▸ **Exercise**: Take the data below and repeat it exactly.
BEGIN Dataset extract
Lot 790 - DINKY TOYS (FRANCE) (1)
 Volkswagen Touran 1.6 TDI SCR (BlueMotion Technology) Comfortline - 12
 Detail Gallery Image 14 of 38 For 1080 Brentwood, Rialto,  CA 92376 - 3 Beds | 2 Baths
END Dataset extract
▸ **Answer to the problem**:
Lot 790 - DINKY TOYS (FRANCE) (1)
 Volkswagen Touran 1.6 TDI SCR (BlueMotion Technology) Comfortline - 12
 Detail Gallery Image 14 of 38 For 1080 Brentwood, Rialto,  CA 92376 - 3 Beds | 2 Baths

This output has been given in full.